The "Eastern Partnership" summit is a Polish-Swedish initiative to promote democratic reform and boost EU energy security through better relations with the six former Soviet states. But human rights activists have accused the EU of putting geopolitical games ahead of foreign policy ethics in the scheme.

The darkest stain on Mr Lukashenko's reputation is the disappearance on his watch in 1999 and 2000 of four opposition activists, whose families are still campaigning for judicial enquiries today.

In an eccentric public relations campaign, Mr Lukashenko has started to bring his four-year old son, Kolya, to top-level meetings, such as a summit with Armenian President Serzh Sargsyan in March. Asked if the boy would be welcome to meet the 27 EU leaders in Prague on 7 May, Ms Opletalova repeated: "It is up to each country to decide who to bring."

Kolya's presence may also be required in Mr Lukashenko's biggest public relations coup to date: the Vatican on Friday told Reuters that he will meet the Pope later this month.

Meanwhile, the question of who Moldova will send to the EU summit is wide open. The country currently has no official government after inconclusive elections on 5 April.

Caretaker President Vladimir Voronin is expected to informally retain control by taking the powerful post of parliament speaker or chair of the Communist party, leaving the option of a puppet president speaking for him in Prague.

The Voronin administration has the death of three opposition protesters on its record after a police crackdown on 7 April, with the president this week announcing an amnesty that covers security forces involved in the killings.

Armenia's Mr Sargsyan has yet to hold anyone to account for post-election violence in March 2008 in which eight protesters and two policemen lost their lives.
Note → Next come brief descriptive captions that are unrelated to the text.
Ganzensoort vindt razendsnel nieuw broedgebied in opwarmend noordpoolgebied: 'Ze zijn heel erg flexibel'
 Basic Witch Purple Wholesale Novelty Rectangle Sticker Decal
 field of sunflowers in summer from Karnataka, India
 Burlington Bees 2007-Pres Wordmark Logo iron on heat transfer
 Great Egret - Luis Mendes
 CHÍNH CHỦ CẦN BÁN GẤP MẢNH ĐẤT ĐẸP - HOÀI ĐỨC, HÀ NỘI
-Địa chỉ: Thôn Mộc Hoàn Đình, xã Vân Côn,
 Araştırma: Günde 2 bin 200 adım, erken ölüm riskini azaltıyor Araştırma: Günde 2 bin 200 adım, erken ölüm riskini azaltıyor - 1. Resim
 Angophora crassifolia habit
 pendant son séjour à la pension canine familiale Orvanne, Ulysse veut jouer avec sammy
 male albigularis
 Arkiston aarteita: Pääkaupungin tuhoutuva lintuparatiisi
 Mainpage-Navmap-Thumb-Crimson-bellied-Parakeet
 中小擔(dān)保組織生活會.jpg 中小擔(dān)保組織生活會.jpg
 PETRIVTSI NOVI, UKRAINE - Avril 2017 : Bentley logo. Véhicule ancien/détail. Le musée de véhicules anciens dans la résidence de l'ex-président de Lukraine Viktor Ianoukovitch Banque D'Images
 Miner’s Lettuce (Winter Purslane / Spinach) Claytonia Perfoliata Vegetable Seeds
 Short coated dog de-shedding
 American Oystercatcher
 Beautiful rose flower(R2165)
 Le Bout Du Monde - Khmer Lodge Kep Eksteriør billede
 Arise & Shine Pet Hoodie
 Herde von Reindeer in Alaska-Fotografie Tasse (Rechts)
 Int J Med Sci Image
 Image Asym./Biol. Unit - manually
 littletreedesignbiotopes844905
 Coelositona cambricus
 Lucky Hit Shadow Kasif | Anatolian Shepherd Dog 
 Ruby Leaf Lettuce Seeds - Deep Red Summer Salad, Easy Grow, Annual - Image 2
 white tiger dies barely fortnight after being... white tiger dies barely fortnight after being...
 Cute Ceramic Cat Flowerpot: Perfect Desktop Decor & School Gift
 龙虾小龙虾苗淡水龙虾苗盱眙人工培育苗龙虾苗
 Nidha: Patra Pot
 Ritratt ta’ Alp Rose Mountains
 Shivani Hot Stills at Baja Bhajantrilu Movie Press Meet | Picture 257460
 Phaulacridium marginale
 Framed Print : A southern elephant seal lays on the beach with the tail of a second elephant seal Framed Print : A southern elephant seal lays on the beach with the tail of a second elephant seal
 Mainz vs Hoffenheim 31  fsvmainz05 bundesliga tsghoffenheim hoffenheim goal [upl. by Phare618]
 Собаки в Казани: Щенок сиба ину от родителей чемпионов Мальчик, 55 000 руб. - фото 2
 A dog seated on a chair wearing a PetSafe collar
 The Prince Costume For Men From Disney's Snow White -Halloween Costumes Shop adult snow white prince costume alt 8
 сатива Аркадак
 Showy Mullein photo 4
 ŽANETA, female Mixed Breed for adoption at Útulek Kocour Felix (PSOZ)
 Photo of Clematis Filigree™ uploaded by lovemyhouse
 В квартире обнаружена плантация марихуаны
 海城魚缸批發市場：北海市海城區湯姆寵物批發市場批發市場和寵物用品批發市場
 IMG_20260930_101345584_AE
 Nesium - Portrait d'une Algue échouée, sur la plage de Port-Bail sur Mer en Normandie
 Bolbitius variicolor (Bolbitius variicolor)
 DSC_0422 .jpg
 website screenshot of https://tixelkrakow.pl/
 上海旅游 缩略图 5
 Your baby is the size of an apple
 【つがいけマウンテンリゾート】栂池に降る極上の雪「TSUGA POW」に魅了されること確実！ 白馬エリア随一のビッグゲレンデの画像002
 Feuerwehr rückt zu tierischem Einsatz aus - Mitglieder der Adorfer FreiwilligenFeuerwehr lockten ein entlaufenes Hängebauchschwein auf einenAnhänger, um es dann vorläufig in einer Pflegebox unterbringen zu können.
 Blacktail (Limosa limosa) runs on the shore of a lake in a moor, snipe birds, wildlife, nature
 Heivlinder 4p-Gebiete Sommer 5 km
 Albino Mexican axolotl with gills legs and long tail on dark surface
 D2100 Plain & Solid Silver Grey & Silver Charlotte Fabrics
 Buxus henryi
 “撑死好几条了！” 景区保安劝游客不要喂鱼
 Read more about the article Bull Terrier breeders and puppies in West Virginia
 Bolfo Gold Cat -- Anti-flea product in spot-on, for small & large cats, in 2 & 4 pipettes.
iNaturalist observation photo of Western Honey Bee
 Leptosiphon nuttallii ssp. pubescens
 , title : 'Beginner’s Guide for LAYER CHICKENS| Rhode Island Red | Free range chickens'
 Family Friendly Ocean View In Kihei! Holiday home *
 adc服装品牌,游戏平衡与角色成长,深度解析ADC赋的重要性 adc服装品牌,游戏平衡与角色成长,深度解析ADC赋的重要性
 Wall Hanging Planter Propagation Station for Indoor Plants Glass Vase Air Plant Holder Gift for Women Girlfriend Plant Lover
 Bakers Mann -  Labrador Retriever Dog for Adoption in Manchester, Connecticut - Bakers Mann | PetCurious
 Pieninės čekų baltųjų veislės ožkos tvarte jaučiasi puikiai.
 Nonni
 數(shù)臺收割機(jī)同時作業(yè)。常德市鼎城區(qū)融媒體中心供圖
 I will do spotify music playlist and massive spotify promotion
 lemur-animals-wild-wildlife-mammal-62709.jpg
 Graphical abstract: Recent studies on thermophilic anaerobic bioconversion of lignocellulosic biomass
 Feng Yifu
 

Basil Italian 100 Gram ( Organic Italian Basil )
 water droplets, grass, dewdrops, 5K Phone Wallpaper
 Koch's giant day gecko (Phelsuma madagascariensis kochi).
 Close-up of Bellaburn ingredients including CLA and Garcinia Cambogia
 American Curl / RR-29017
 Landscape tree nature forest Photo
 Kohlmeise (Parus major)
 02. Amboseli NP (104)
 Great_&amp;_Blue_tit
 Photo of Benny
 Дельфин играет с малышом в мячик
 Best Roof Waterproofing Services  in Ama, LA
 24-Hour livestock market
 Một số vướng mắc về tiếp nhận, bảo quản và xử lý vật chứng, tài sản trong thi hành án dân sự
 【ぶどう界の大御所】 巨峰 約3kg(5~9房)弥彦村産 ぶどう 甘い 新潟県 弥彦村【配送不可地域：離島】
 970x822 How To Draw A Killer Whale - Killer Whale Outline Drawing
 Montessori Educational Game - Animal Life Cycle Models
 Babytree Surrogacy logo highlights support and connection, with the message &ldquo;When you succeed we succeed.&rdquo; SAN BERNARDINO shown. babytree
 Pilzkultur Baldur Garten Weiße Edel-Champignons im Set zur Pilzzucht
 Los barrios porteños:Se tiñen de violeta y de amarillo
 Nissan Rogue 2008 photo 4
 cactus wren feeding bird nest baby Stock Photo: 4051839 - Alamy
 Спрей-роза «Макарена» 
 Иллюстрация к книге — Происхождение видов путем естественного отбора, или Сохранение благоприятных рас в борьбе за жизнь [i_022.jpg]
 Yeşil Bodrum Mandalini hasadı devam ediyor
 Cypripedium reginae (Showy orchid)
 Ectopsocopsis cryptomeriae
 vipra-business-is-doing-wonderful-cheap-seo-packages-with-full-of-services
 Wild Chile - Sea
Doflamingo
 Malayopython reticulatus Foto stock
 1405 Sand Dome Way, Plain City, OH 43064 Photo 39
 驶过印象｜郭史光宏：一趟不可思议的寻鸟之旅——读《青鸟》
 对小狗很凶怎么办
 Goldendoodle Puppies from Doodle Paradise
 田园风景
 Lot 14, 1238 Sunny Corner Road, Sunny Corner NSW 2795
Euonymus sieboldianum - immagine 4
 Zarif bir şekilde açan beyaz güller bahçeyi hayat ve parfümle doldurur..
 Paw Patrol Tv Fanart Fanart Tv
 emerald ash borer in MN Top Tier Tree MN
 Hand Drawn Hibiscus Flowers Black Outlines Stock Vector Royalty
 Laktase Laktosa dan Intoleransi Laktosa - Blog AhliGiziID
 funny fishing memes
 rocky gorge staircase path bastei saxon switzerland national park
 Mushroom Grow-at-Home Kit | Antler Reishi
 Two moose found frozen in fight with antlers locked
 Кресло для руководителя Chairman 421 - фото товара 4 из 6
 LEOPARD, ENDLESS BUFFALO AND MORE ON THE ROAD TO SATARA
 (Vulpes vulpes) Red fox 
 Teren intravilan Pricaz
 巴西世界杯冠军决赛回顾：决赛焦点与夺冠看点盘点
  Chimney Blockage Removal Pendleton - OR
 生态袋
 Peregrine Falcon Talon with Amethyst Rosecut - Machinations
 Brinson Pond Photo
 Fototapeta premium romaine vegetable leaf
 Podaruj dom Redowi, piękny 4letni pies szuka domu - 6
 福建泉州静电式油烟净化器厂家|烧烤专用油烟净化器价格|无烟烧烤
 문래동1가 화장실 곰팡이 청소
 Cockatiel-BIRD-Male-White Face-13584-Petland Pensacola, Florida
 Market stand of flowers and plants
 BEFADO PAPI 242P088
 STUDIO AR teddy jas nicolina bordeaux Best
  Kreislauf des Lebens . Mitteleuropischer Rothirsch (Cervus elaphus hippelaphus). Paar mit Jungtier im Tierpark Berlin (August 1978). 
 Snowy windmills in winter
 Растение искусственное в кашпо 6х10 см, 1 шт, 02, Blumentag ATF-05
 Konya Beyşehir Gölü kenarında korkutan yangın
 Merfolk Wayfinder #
At least 300 protesters sustained serious injuries in clashes in Azerbaijan after President Ilham Alyiev was voted to power in October 2003. NGO Human Rights Watch says security forces also beat to death one man, 52-year old Hamidaga Zakhidov.

Different league

In a different league to the four men above, Georgia's President Mikheil Saakashvili fell from grace in terms of democratic credentials in November 2007 when riot police hospitalised 508 peaceful protesters in Tbilisi.

A fresh round of anti-Saakashvili protests entered its eighth day in the Georgia capital on 17 April, with the president showing restraint for the time being but with the opposition hoping for a second crackdown to help oust him from power.

Ukrainian President Viktor Yushchenko emerges as the cleanest of the six EU summit candidates.

Ukraine transport minister Heorhiy Kyrpa was found dead in his home with gunshot wounds to the head shortly after the Orange Revolution that brought Mr Yushchenko to power in November 2004. The country's former interior minister Yuri Kravchenko also died in suspicious circumstances in March 2005.

The deaths of the two men, both loyal to the pre-Orange Revolution regime, were never linked to the new administration.

But Mr Yushchenko is himself a ghost politically-speaking, with long-running allegations of corruption and incompetence seeing his approval rating hit just four percent ahead of presidential elections later this year.